Table of Contents
Observability is not monitoring. It's the ability to understand your system's internal state from external outputs. This guide shows how to build a complete stack using open-source tools.
The Three Pillars
Modern observability rests on three pillars:
- Metrics: Time-series data (CPU, requests/sec, latency percentiles)

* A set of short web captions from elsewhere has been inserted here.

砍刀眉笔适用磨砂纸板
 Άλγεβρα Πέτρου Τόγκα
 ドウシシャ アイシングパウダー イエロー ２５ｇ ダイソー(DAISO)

- Logs: Discrete events with context
- Traces: Request flow through distributed systems
Metrics with Prometheus
Prometheus is the de facto standard for metrics collection:
const promClient = require('prom-client');
const register = new promClient.Registry();
const httpRequestDuration = new promClient.Histogram({
name: 'http_request_duration_seconds',
help: 'Duration of HTTP requests in seconds',
labelNames: ['method', 'route', 'status'],
buckets: [0.1, 0.3, 0.5, 1, 1.5, 2, 3, 5]
});
register.registerMetric(httpRequestDuration);
Key Metrics to Track
- RED: Rate, Errors, Duration
- USE: Utilization, Saturation, Errors
- Custom business metrics
Centralized Logging
Structured logging enables powerful querying:
logger.info({
event: 'user_login',
user_id: user.id,
ip: req.ip,
duration_ms: 145,
success: true
});
Ship logs to a central system using the ELK stack or Grafana Loki:
- Elasticsearch: Powerful but resource-heavy
- Loki: Lightweight, integrates with Prometheus
Distributed Tracing
Understand request flow across microservices using OpenTelemetry:
const { trace } = require('@opentelemetry/api');
const tracer = trace.getTracer('myapp');
app.get('/api/users', async (req, res) => {
const span = tracer.startSpan('fetch_users');
try {
const users = await db.query('SELECT * FROM users');
span.setStatus({ code: SpanStatusCode.OK });
res.json(users);
} catch (error) {
span.setStatus({ code: SpanStatusCode.ERROR });
throw error;
} finally {
span.end();
}
});
Tying It Together
The real power comes from correlation:
Trace ID in Logs
Include trace ID in every log entry:
logger.info({
trace_id: span.context().traceId,
message: 'Processing request'
});
Metrics to Traces
When a metric spikes, drill down to individual traces to find the root cause.
Dashboard Example
A useful dashboard shows:
- Request rate and latency (metrics)
- Error rate with links to error logs
- Slowest traces in the last hour
- Resource utilization trends
Summary
Start with metrics for overview, use logs for context, and add tracing for distributed systems. Instrument early and correlate signals. The investment in observability pays off when production issues arise.